Apresentação de propostas de soluções para a atual situação do sistema prisional brasileiro.

Autor
Antonio Carlos Valadares (PSB - Partido Socialista Brasileiro/SE)
Nome completo: Antonio Carlos Valadares
Casa
Senado Federal
Tipo
Discurso
Resumo por assunto
SEGURANÇA PUBLICA:
  • Apresentação de propostas de soluções para a atual situação do sistema prisional brasileiro.
Publicação
Publicação no DSF de 10/03/2017 - Página 49
Assunto
Outros > SEGURANÇA PUBLICA
Indexação
  • APRESENTAÇÃO, PROPOSTA, SOLUÇÃO, CRISE, SISTEMA PENITENCIARIO, PAIS, DEMONSTRATIVO, DADOS, RELATORIO, CONSELHO DE JUSTIÇA, CRITICA, LOTAÇÃO, PRESIDIO, FALTA, DIGNIDADE, PRESO, DEMORA, JULGAMENTO, ENFASE, ESTADO DE SERGIPE (SE), NECESSIDADE, ACELERAÇÃO, AÇÃO JUDICIAL, REDUÇÃO, NUMERO, PRISÃO PROVISORIA, EFICIENCIA, JUDICIARIO, LIBERAÇÃO, RECURSOS, CONSTRUÇÃO, AMPLIAÇÃO, SERVIDOR, CARCEREIRO, OBJETIVO, COMBATE, CRIME ORGANIZADO, AUMENTO, SEGURANÇA PUBLICA.

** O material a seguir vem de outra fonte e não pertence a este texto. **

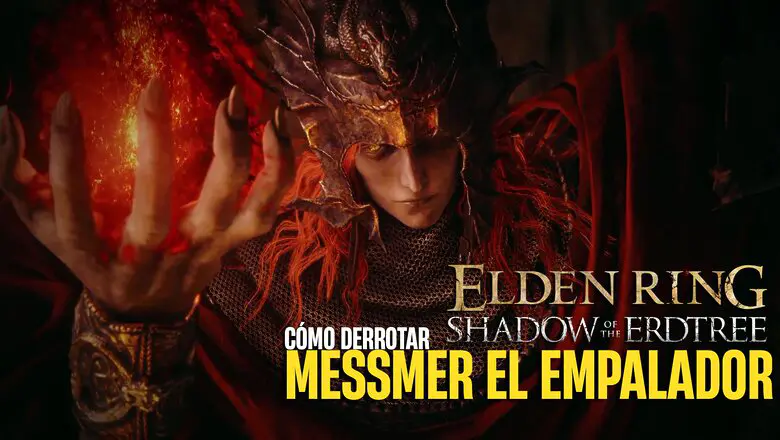 Cómo derrotar a Messmer el Empalador - Guía de Jefe Elden Ring Shadow of the Erdtree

    O SR. ANTONIO CARLOS VALADARES (Bloco Socialismo e Democracia/PSB - SE. Pronuncia o seguinte discurso. Sem revisão do orador.) – Sr. Presidente, Srªs e Srs. Senadores, telespectadores da TV Senado, ouvintes da Rádio Senado e aqueles que nos acompanham nas redes sociais, depois da lamentável sequência de rebeliões e massacres ocorridos nos presídios de vários Estados no mês de janeiro, subi a esta tribuna para falar do flagelo do nosso sistema prisional. Denunciei aqui os velhos problemas negligenciados, como a superlotação, a falta de estrutura e a incapacidade do Estado brasileiro de assegurar condições mínimas de dignidade aos que estão sob sua custódia.

    Volto hoje ao tema, municiado por dados novos e importantíssimos, frutos de um relatório sobre a situação dos presos no Brasil, elaborado pelo Conselho Nacional de Justiça (CNJ), a pedido da Presidente do Supremo Tribunal Federal, Ministra Cármen Lúcia, iniciativa tomada justamente em resposta à sucessão de episódios de violência e descontrole.

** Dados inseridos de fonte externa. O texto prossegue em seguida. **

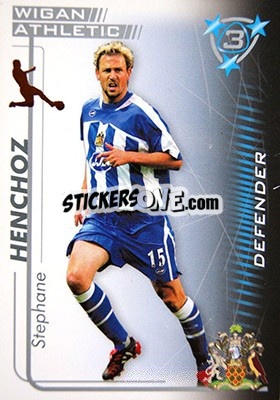 Sticker Stephane Henchoz - Shoot Out Premier League 2005-2006 - Magicboxint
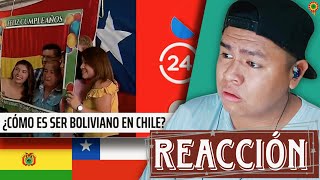 BOLIVIANO REACCIONA A Reportajes 24 ¿Cómo es ser boliviano en Chile  24 Horas TVN Chile [upl. by Warthman944]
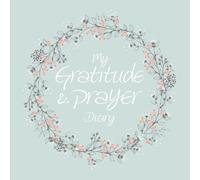 My Gratitude and Answered Prayer Diary = Green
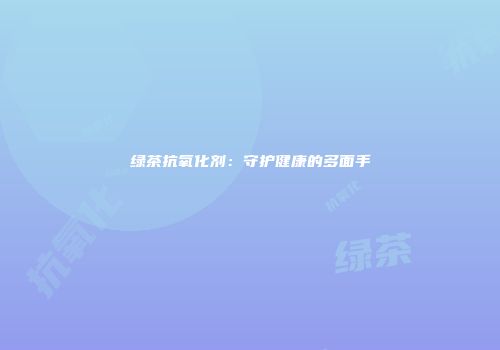 绿茶抗氧化剂：守护健康的多面手
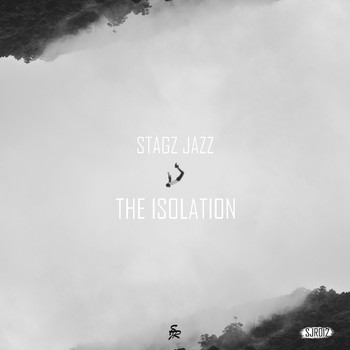 Stagz Jazz - The Isolation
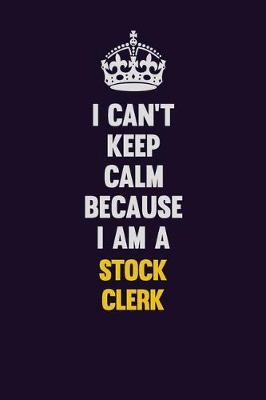 Book cover for I Can't Keep Calm Because I Am A Stock Clerk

    É de fundamental importância analisarmos o resultado do levantamento feito pelo CNJ. Segundo esse relatório – pasmem, Srªs e Srs. Senadores –, o País tem hoje 654.372 pessoas presas. Desse total, 433.318 já foram condenadas, isto é, 66%, enquanto 221.054, 34%, portanto, estão em situação provisória. Vejam que indicador alarmante: a cada três pessoas, uma está aguardando julgamento, e o tempo médio de espera é de no mínimo um ano.

    Sou sergipano. Estou ciente da crise por que estamos passando no Estado de Sergipe, ocasionada por absoluta falta de prioridade do Governo do meu Estado. Fico constrangido em citar nossas estatísticas.

    Sergipe é hoje o Estado mais violento do Brasil. Triste título! Agora, a partir do levantamento do CNJ, vem outro dado estarrecedor, lamentável, envolvendo o meu querido Estado de Sergipe. Ficamos sabendo que lideramos outro lamentável indicador. Do total de 4.401 presos no meu Estado, 3.624 são provisórios, o que representa nada menos do que 82% da população carcerária. Esse é um dado colhido de um levantamento, como eu disse, feito pelo CNJ (Conselho Nacional de Justiça), por determinação da Presidente Cármen Lúcia, do Supremo Tribunal Federal.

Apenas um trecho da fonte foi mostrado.